The Mysterious Gentleman, Courtyard Theatre


Is there life after death? Do our lives follow paths we create, or are they set out by powers beyond our reckoning? Is immortality within our grasp, and if so at what cost? These are the questions posed in The Mysterious Gentleman, which charts the career of stage magician John Nevil Maskelyne, in this, the centenary year of his death. Although the play cannot hope to provide any definitive answers, it does at least give us some insight into why we might be asking them in the first place.

The play opens at a pivotal moment in Maskelyne’s life. An engineer and amateur magician, he stages a show recreating the claimed spiritual manifestations of the Davenport Brothers. From its success he launches his own career as a stage illusionist, with the assistance of his close friend George Cooke. A touring show of the provinces leads to a 31-year stint at the Egyptian Hall on London’s Regent Street. There is a sense of Jules Verne to the first act, of two gentlemen setting out on a remarkable adventure together, but all under the silent watch of an invisible, masked figure, the mysterious gentleman of the title.

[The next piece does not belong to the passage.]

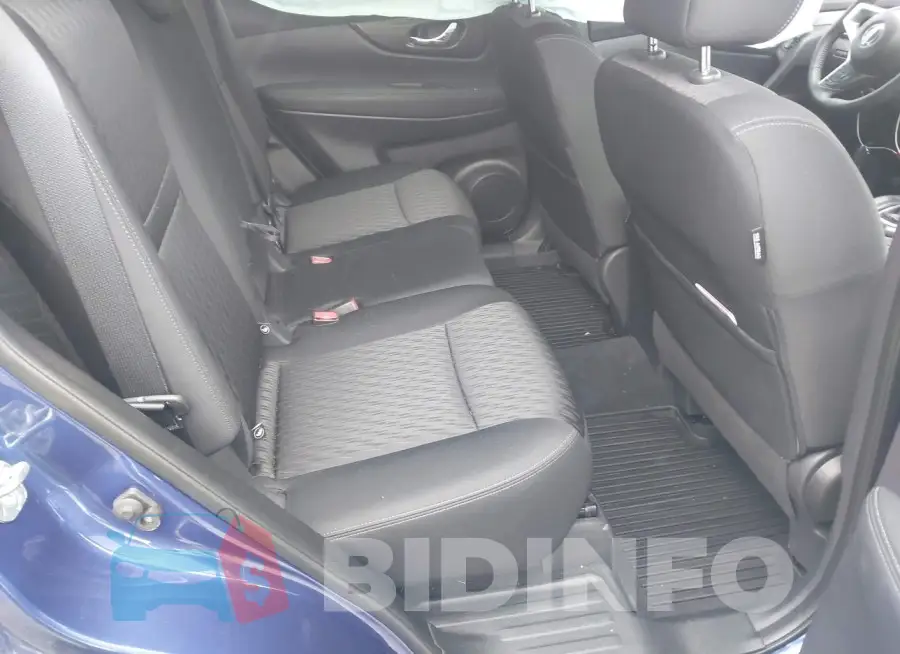 KNMAT2MVXLP528556 Photo# 8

Andrew Thorn portrays Maskelyne’s complexity well, the character’s amateurism that, through his drive to bring truth and wonder to the masses, gives way to a strange optimistic naivety. His ongoing battles in the press and on stage with spiritists bring him and Dave Short’s Cooke close to ruin, and it seems only John Nevil’s assurance that there is no such thing as bad publicity that sees the pair through.

Short’s performance is charming. An avuncular foil to Maskelyne, George tempers the man’s excesses, yet allows himself to be pushed a little further into risks he would never consider alone. It is testament both to Jarek Adams script and Short’s portrayal that, when he fades from view, the moment is genuinely saddening. We share in John Nevil’s sense of loss throughout the second act.

The hole George leaves is, in the production at least, ably filled by Josh Harper, whose sensitive portrayal of Nevil, Maskelyne’s son, shows us a fragile young man lost in his own feelings of inadequacy as he attempts to take on the old man’s duties and prove himself to his father.

The play is written with a gentle wit, be it in the friendly chiding between George and Maskelyne, John Nevil’s contemplation that his lasting legacy will have more to do with public conveniences than conjury, or his delight at being described as a self-publicist. It does not shy away from its undertaking though. Maskelyne is introduced to us as a sceptic, but what drives his scepticism is a powerful desire not merely to believe in a hereafter, but to know it exists.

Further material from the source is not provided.